Sharing ontologies in the semantic web world from Chris Catton on 2004-01-15 (www-rdf-interest@w3.org from January 2004)

From: Chris Catton <chris.catton@zoology.oxford.ac.uk>
Date: Thu, 15 Jan 2004 12:38:27 -0000
To: <www-rdf-interest@w3.org>
Message-ID: <002801c3db64$79781030$97184381@chios>
Hi;
Several threads over the past weeks have addressed the issue of sharing
ontologies in one way or another - most recently the subject-less thread
started by Jeroen Budts

This is related to some stuff I've been thinking about for a few weeks -
I'd be interested in feedback. 

An ontology is supposed to be a 'shared conceptualisation'.
Traditionally though, ontologies have been built by a few domain experts
and programmers, or through a long-drawn-out process of collaboration on
mailing lists.  This has usually been adequate for 'in-house' ontologies
and 'proof-of-concept' ontologies like FOAF, but I think we are starting
to see issues that arise from building ontologies in this way for the
wider community. One obvious problem is that if the only way to change
an ontology is to email the owner, the change process does not scale
well :-)

I'm wondering whether it is possible and/or better to build an ontology
by collaboration rather than 'survival of the fittest'.  My reason for
suggesting it is that I think there is a difference between tools (where
natural selection works well) and ontologies - a difference that is
something to do with granularity. Two tools may do basically the same
thing, and I chose which to use based on its feature set, reliability
etc.  I may even use both if I have to, but cost and effort mean I will
probably try and avoid it. It's much easier with ontologies I can take a
subgraph from here, a subgraph from there, etc.  However I contend that
this is not necessarily a good thing in that it is a) more work and b)
does not allow us to discriminate between the useful and the useless.  A
huge ontology might only contain a small subgraph that is actively
referenced by the community - how 'fit' is it in the competitive
landscape?  It seems to me that this is important at this stage of
development of the semantic web, where a lot of the ontologies out there
are a rather nasty mix of information about people, projects,
institutions, publication-related stuff, units and a little bit of
domain-specific information.

So what would be required to co-operate on ontology building?  First,
any tools should be intuitive enough to accept input from domain
experts, which probably means a GUI. It's possible to imagine a user
interface where people could select the properties they wanted to
display, and then generate an svg file to display them.  The user could
then create a new class, select from a list of properties, click on the
parent.  I guess what I'm describing is a very simplified online version
of oiled or protege ...
 
The more difficult questions follow from this.  How do we maintain a
co-operatively developed ontology in the face of such dynamic change?
Most ontologies at the moment are centrally controlled - which sits
uncomfortably with the idea of a shared conceptualisation.  But allowing
anyone to change an ontology any way they like is not an appropriate
solution either since there is no guarantee that my view of the world is
shared by anyone else (in fact most of the evidence says it isn't :-)  

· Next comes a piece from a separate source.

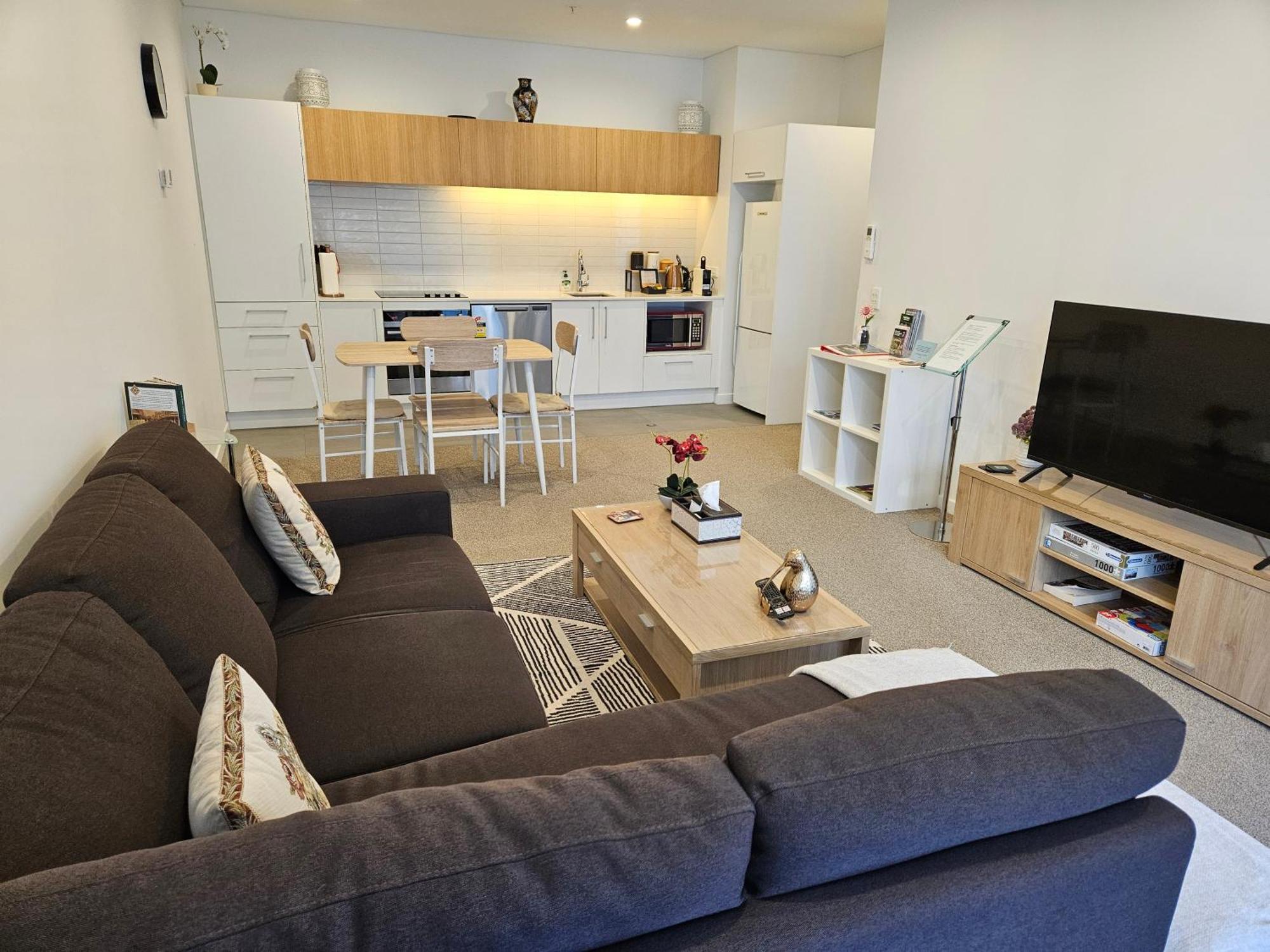 Modern, Ground Floor , Cbd, Free Parking, 2-3 Beds Apartment *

What if we divide the world into users (domain experts) and developers
(ontology experts)? You would have users suggesting changes and ontology
developers voting for concepts and relations.  Users may acquire voting
rights on a model similar to the apache development model
http://httpd.apache.org/dev/guidelines.html 

How might this work in practice? Imagine a GUI where users can make
statements about classes and properties.  These might include 
  1. "this is not a valid concept and should be deleted."
  2. "this is not a subclass of that and should be moved to another
parent."
  and a rather different sort of comment  
  3. "To be a tree, a plant must reach a height at maturity of at least
3 meters"

In cases 1&2, the decision is a simple yes or no.  The advantage of
shared development is that if the 'owner' is away on sabbatical for 6
months evolution of the ontology can continue.

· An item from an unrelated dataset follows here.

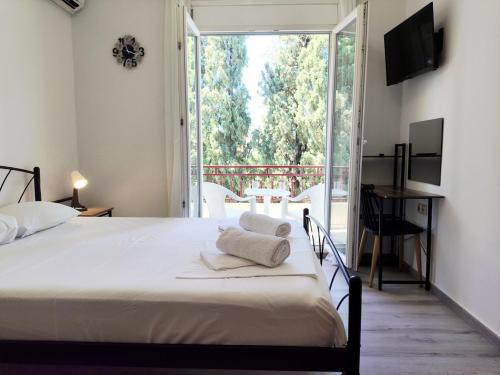 Chios Breeze 2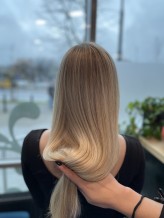 HairstylistWiola AIRTOUCH. Wyrównanie ciemnego dłuższego odrostu. 5h z klientką. 

Schwarzkopf PRO + odbudowa OLAPLEX. 

@hairstylist_wiola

Case 3 throws up some interesting issues.  This is an annotation to the
ontology class.   We might decide that if annotations are not voted down
they should become part of class definition - something like this seems
a sensible way of refining the meaning of terms in the ontology.  But
what if someone has already used the class as the object of a triple
before this restriction was placed on the tree class?  Perhaps their
tree is only 2 meters tall.  The annotated class is actually a subclass
of the original class.  But which class is a Tree?  Do we deal with this
by maintaining every version of the ontology and referencing specific
versions, or by allowing the ontology to branch and grow into something
big and rather ugly? Do we need a 'view' mechanism for ontologies -
where the full, ugly ontology is filtered to something more
human-friendly? 

I'm left with the feeling that there is a whole lot of non-trivial stuff
here that isn't being done yet. These thoughts were originally prompted
by a discussion about how to track changes to a single, small ontology -
currently itself a tricky problem since the Jena parser does not
preserve the ordering of nodes in text output, and so running a diff on
two ontologies in cvs is rarely useful.  

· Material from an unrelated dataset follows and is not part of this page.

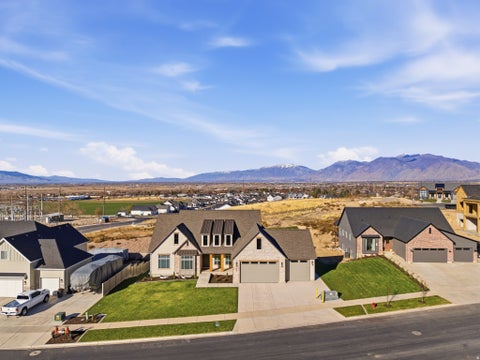 Tiny photo for 1352 S 315 E, Salem, UT 84653 (MLS # 2137631)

If anyone knows of papers that would feed into this discussion I'd
appreciate references - I would guess that there must be work done in
the knowlege management area on this sort of thing.


Chris Catton
BioImage Database Development Manager
Department of Zoology
University of Oxford
OX1 3PS
 
Tel: +44 (0) 1865 281993
email: chris.catton@zoology.oxford.ac.uk
web site: www.bioimage.org
Received on Thursday, 15 January 2004 07:38:42 UTC